El apetito llamado 'irascible' -no el 'de deseo'- por Aristóteles y Santo Tomás, es fuerza dada al hombre para emprender empresas difíciles, para superar obstáculos, para alcanzar los llamados bienes 'arduos', es decir aquellos que cuesta obtener y para los cuales tenemos que poner garra, empeño, nervio, tener pasta de héroes. El puro deseo, buena intención, querer o amor, aún de los verdaderos bienes, nada pueden lograr si no están acompañados de un poco de adrenalina. El timorato, el vago, el débil, el acomplejado, el medroso, el impasible, no sirve para amar, al menos para amar en serio, para amar a Dios sobre todas las cosas, para ser santo. La caridad sin fuerza, extenuada, apática, incapaz de entusiasmarse por lo bueno y por lo bello y enojarse frente a la injusticia, a la mentira, a la blasfemia, a la corrupción, hablan de un cristianismo sin sangre, sin ese fuego y espada que dice Cristo ha venido a traer a la tierra.

" Cuando con ira se busca vindicta, es decir justicia, conforme al dictado de la recta razón -dice Santo Tomás de Aquino- ello es virtud laudable y se llama 'ira por celo'" -no "por celos"-. " El celo por tu casa me devora ", frase del salmo 69 que recuerdan los discípulos cuando ven a su señor fulgurando su mirada y su derecha empuñando el látigo, a la manera como sus antepasados habían empuñado la espada.

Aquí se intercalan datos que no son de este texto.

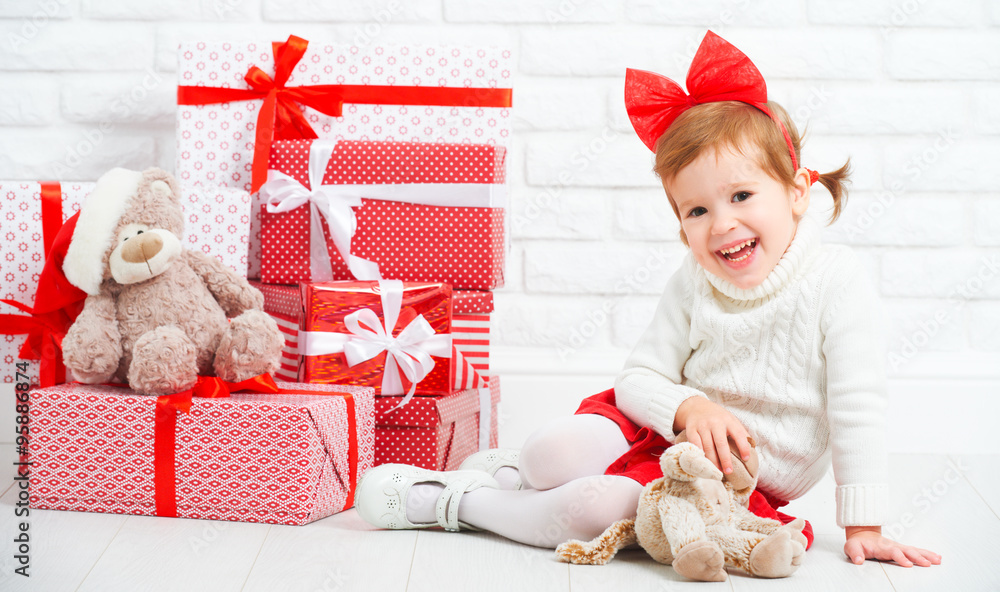 happy little girl child with Christmas gifts at wall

A secuela de Cristo la Iglesia nunca temió la santa ira. Más allá de las llamadas personales y heroicas a poner la otra mejilla, a devolver bien por mal, que es el espíritu mismo del evangelio, siempre defendió en la sociedad, consciente de la fuerza del pecado y la inconsistencia de toda utopía pacifista, la necesidad de oponer al mal la ira y la fuerza racional de la vindicta. La institución de la caballería, las Ordenes militares, la ética del guerrero cristiano, los capellanes castrenses, la bendición de las armas que usan los que pone su espada no al servicio de sus intereses personales sino del bien común, de Cristo, de la justicia y la verdad. El guerrero cristiano no es un hombre simplemente armado que pueda desatar su cólera y su agresividad brutalmente, sino que ha aprendido a dominarla para usarla como instrumento de la verdadera paz. No de la parodia de paz que pregonan algunos y que no es sino claudicación, triunfo de los malos, sometimiento de los buenos, perpetración humillante de la injusticia.

Terrible y trágica la guerra, sobre todo cuando toca a los que no están preparados para ella. La Iglesia siempre la reservó a los hombres de armas, a los guerreros, no solo los que saben matar, sino los que saben domeñar su ira y, sobre todo, los que saben morir.

Por cierto, que, más allá de la tragedia de las guerras exteriores, esa ira y ese celo, tiene que descargarse, sobre todo, contra nuestros enemigos interiores: nuestros vicios, nuestras perezas, nuestro no querer atacar esa materia difícil y ponernos a estudiar, nuestro no enfrentar de una vez el problema y dejarlo crecer, nuestro no cortar con energía la situación de pecado, incinerar todo lo que sabemos nos hace mal. Por supuesto, aprender a controlar nuestras iras irracionales, nuestras cóleras desmedidas, nuestro ego siempre a la defensiva, nuestras agresividades hirientes, nuestra capacidad de causar dolor a los demás, nuestro tentador recurso al derecho del más fuerte y la sumisión de los débiles. Pero tampoco mirar para otro lado cuando aparece la injusticia y el mal. Todo esto debe ser parte de nuestro combate cuaresmal.

Que Cristo nos preste algo de su hombría, de su santa ira, de su celo, de su fuego, de su espada, para que, enfrentando el mal virilmente, sepamos vivir la auténtica caridad y echemos a latigazos, donde los hallemos, adentro o afuera, a los mercaderes del templo.